Schon beim ersten Zusammentreffen der Gesellschaft ahnt man, dass es Verwicklungen geben wird. Nicht jeder findet in den Glückskeksen, die verteilt werden, solche Verheißungen wie die Zuschauer, denen die Autorin zur Auflockerung Glückskekse spendiert. Indra Janorschke darf mit einem heimlichen Verehrer rechnen und mir hat der Glückskeks geweissagt, dass „der Stern des Reichtums“ auf mich herabstürzt. Soll er nur kommen 🙂

Doch zurück zu James, Agent Null-Null-Siebzig. Nun? Hat es Klick gemacht? Agent.

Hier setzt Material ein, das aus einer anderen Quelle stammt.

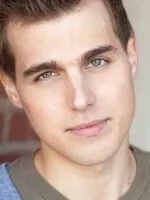 Cody Linley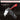 Angled retractable blade tool with text highlighting precision cutting and control on a dark background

James. 0070. Tja, wir Zuhörer hatten das Glück, dass Marlies Ferber uns ihr fiktives Gespräch mit Miss Marple aus dem ersten Band ihrer Krimireihe vorlas, ehe sie uns mit dem reizenden Ermittler James bekannt machte und einen Vorgeschmack auf das Buch gab, auf dessen Lektüre ich mich schon freue.

Ein wirklich unterhaltsamer Abend, der von Piano-Musik eingerahmt wurde und wahlweise mit einem Johannisbeerlikör oder einem Smirnoff endete. Auch diese Getränke haben natürlich einen Bezug zu einer Szene in Ferbers Krimi, die Indra Janorschke und Dario Weberg wunderbar dargeboten haben.

Dies war die erste Lesung im Theater an der Volme. Ein gelungener Auftakt, dank einer Autorin, die sympathisch, offen und am Publikum interessiert wirkte.

Ich werde mir jedenfalls sowohl die nächsten Lesungen im Theater an der Volme in den Kalender eintragen als auch verfolgen, wann Marlies Ferber wieder in Hagen liest.